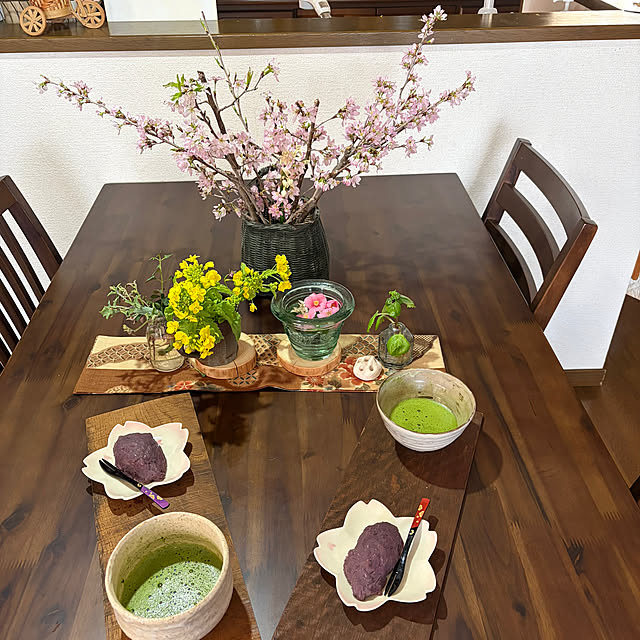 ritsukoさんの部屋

• • • • •

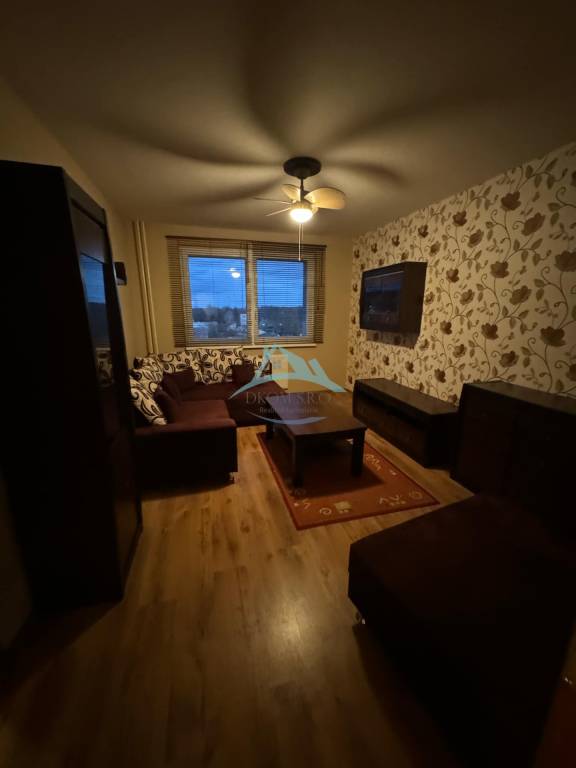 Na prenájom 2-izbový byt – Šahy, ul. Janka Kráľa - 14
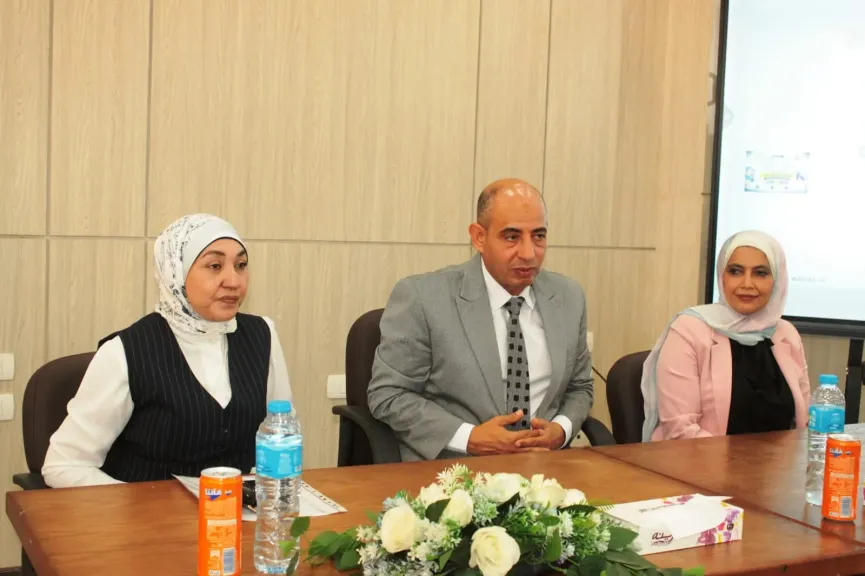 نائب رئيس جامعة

• • • • •

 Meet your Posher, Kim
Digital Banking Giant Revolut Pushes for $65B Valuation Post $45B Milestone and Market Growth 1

• • • • •

■ **Directions for this task**
Produce only the lines from the line containing "Meet your Posher, Kim" through the line containing "Digital Banking Giant", inclusive of both, exactly as they stand in the entries above.

■ **Answer below**
 Meet your Posher, Kim
Digital Banking Giant Revolut Pushes for $65B Valuation Post $45B Milestone and Market Growth 1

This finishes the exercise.